I have a data.table where one of the columns contains JSON. I am trying to extract the content so that each variable is a column.
library(jsonlite)
library(data.table)
df<-data.table(a=c('{"tag_id":"34","response_id":2}',
                   '{"tag_id":"4","response_id":1,"other":4}',
                   '{"tag_id":"34"}'),stringsAsFactors=F)
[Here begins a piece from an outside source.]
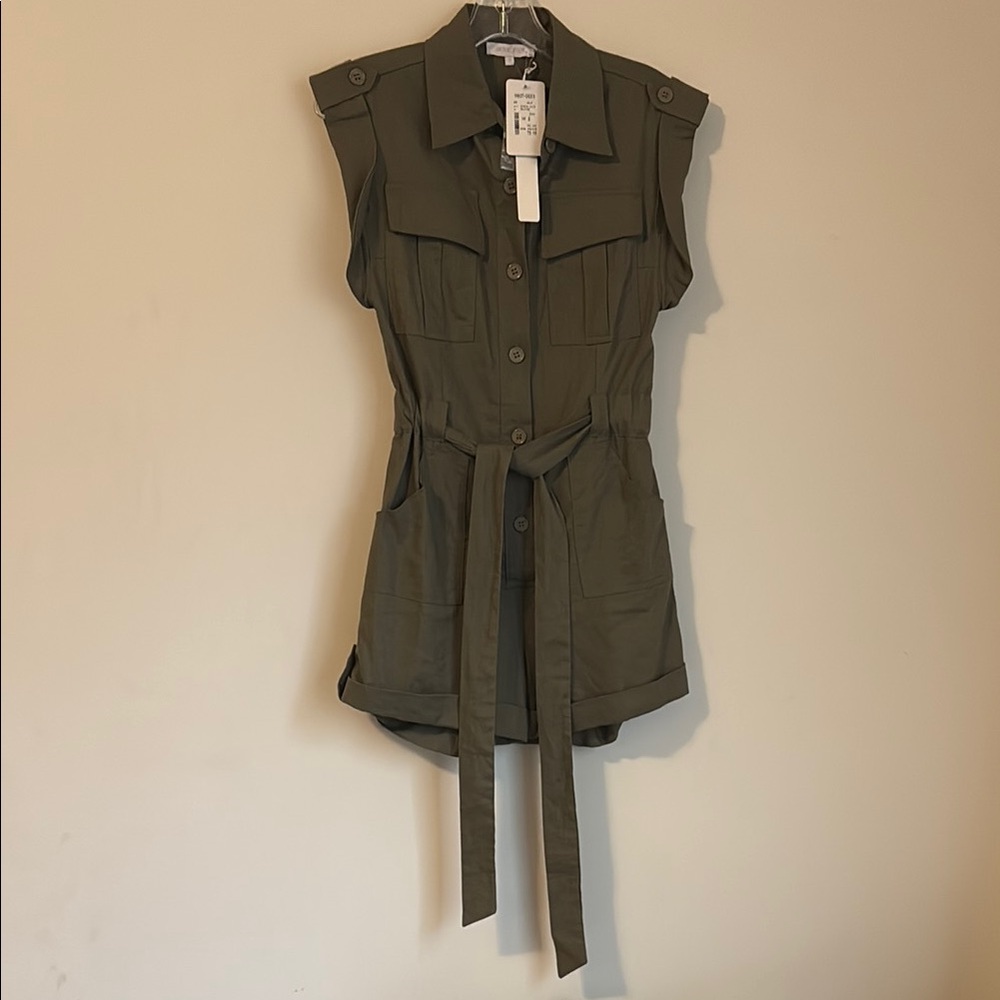 Olive Green Sleeveless Utility romper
The desired result, that does not refer to the "other" variable:
   tag_id response_id 
1     "34"      2 
2     "4"       1 
3     "34"      NA
I have tried several versions of:
parseLog <- function(x){
  if (is.na(x))
    e=c(tag_id=NA,response_id=NA)
  else{
    j=fromJSON(x)
    e=c(tag_id=as.integer(j$tag_id),response_id=j$response_id)
  }
  e
}
that seems to work well to retrieve a list of vectors (or lists if c is replaced by list) but when I try to convert the list to data.table something doesn´t work as expected.
   parsed<-lapply(df$a,parseLog)
   rparsed<-do.call(rbind.data.frame,parsed)
   colnames(rparsed)<-c("tag_id","response_id")
Because of the missing value in the third row. How can I solve it in a R-ish clean way? How can I make that my parse method returns an NA for the missing value. Alternative, Is there a parameter "fill" like there is for rbind that can be used in rbind.data.frame or analogous method?
The dataset I am using has 11M rows so performance is important.
Additionally, there is an equivalent method to rbind.data.frame to obtain a data.table. How would that be used? When I check the documentation it refers me to rbindlist but it complains the parameter is not used and if call directly(without do.call it complains about the type of parsed):
rparsed<-do.call(rbindlist,fill=T,parsed)
EDIT: The case I need to cover is more general, in a set of 11M records all the possible circumstances happen:
df<-data.table(a=c('{"tag_id":"34","response_id":2}',
                   '{"trash":"34","useless":2}',                          
                   '{"tag_id":"4","response_id":1,"other":4}',
                   NA,
                   '{"response_id":"34"}', 
                   '{"tag_id":"34"}'),stringsAsFactors=F)
and the output should only contain tag_id and response_id columns.